Passons à "Jeunesse II Sonnet", poème que personne ne peut lire en l'état, vu qu'on n'arrive pas à en fixer le texte. Le poème parle d'une sorte d'époque mythique. Il faut trouver d'évidence les modèles à ce poème rimbaldien, ce qui va au-delà du seul renvoi au sonnet "Invocation" de Verlaine.

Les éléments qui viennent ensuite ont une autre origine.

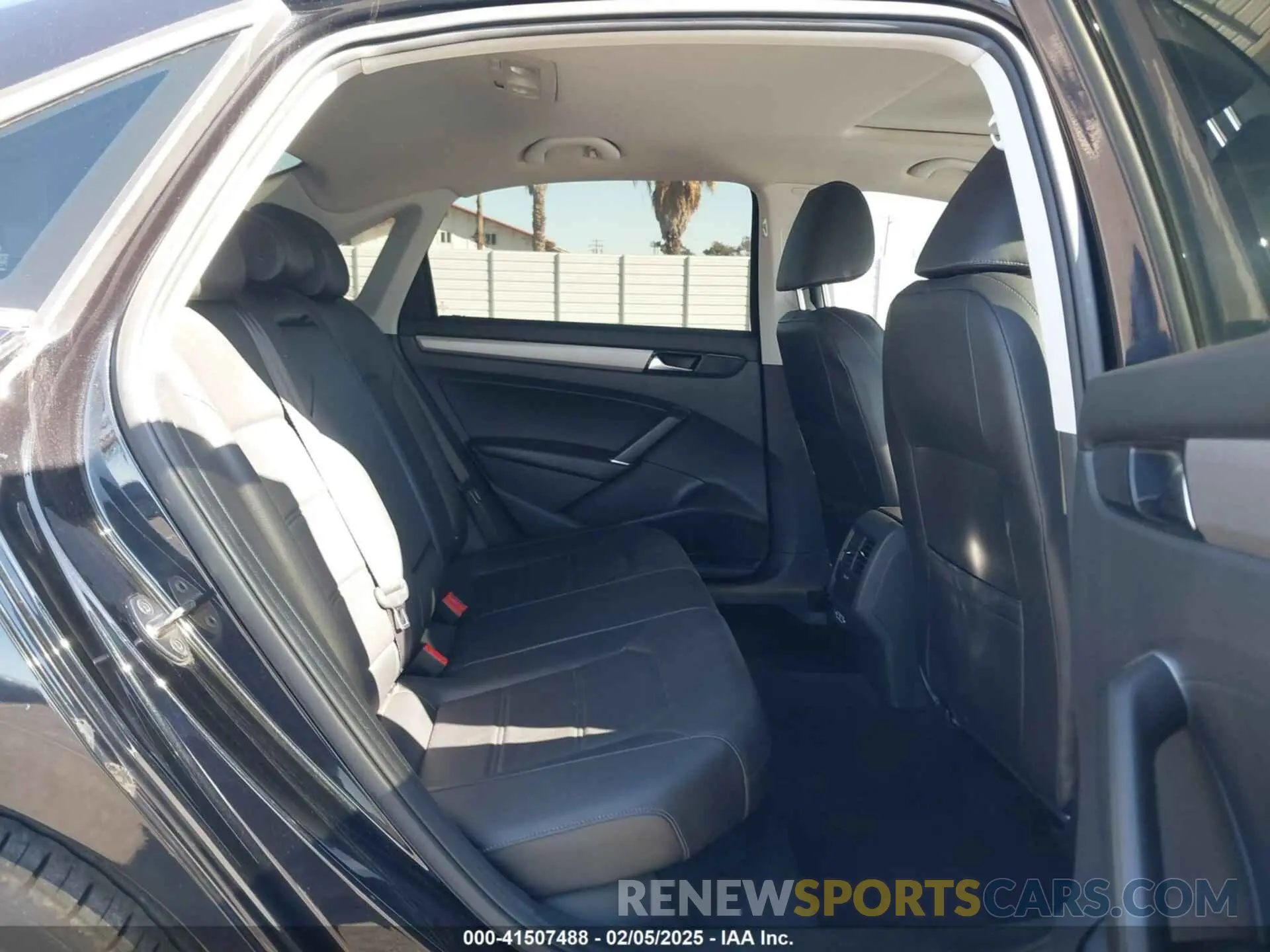 8 Photograph of a damaged car 1VWSA7A38MC011112 VOLKSWAGEN PASSAT 2021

Or, le poème "Le Déluge" est une pièce clef du premier recueil de Vigny. Il est suivi du sous-titre "Mystère", et il s'agit comme pour "La Femme Adultère" d'une mise en scène poétique avec des amplifications d'un récit biblique. Le morceau "La Femme adultère" a le mérite de sembler un récit autonome jusqu'à ce que nous rejoignions le récit célèbre où Jésus-Christ parle de jeter la première pierre. Dans le cas du poème "Le Déluge", le poète raconte simplement une version poétique du déluge. Il n'y a pas cet effet de surprise. Toutefois, en remplissant sa matière, Vigny a des idées géniales qui ont marqué un Victor Hugo, lequel s'en inspire assez clairement quand il écrit "Le Sacre de la Femme". Mais s'il a moins de génie dans les détails, Vigny a tout de même un certain génie de conception. Il parle de la lumière du jour au moment du Déluge comme d'une lumière qui est celle encore de la création divine du monde en six jours. Vigny manie aussi superbement l'idée d'un monde où tout était encore à sa place, parce que rien n'avait encore été déplacé par le déluge. Et cela signifiait une beauté affirmée dans le charme de son enfance, puisque tout était à sa place natale. Et c'est dans ce cadre que Vigny développe la thèse imagée d'un homme alors méchant, et tout ce passage est d'évidence intéressant à comparer à la manière de Rimbaud dans "Jeunesse II Sonnet" :
Les peuples déjà vieux, les races déjà mûres,Avaient vu jusqu'au fond des sciences obscures ;Les mortels savaient tout, et tout les affligeait ;Le prince était sans joie ainsi que le sujet ;[...]
Je ne cite que quatre vers, il faut prolonger la lecture bien sûr. Rimbaud décrit quelque chose d'opposé à la scène de Vigny, mais le principe d'exposition est le même.
Je ne parle pas d'une source au poème de Rimbaud. Je montre qu'il existe une connexion rhétorique entre les deux textes, ce qui permet de réorienter la recherche d'une source au poème rimbaldien.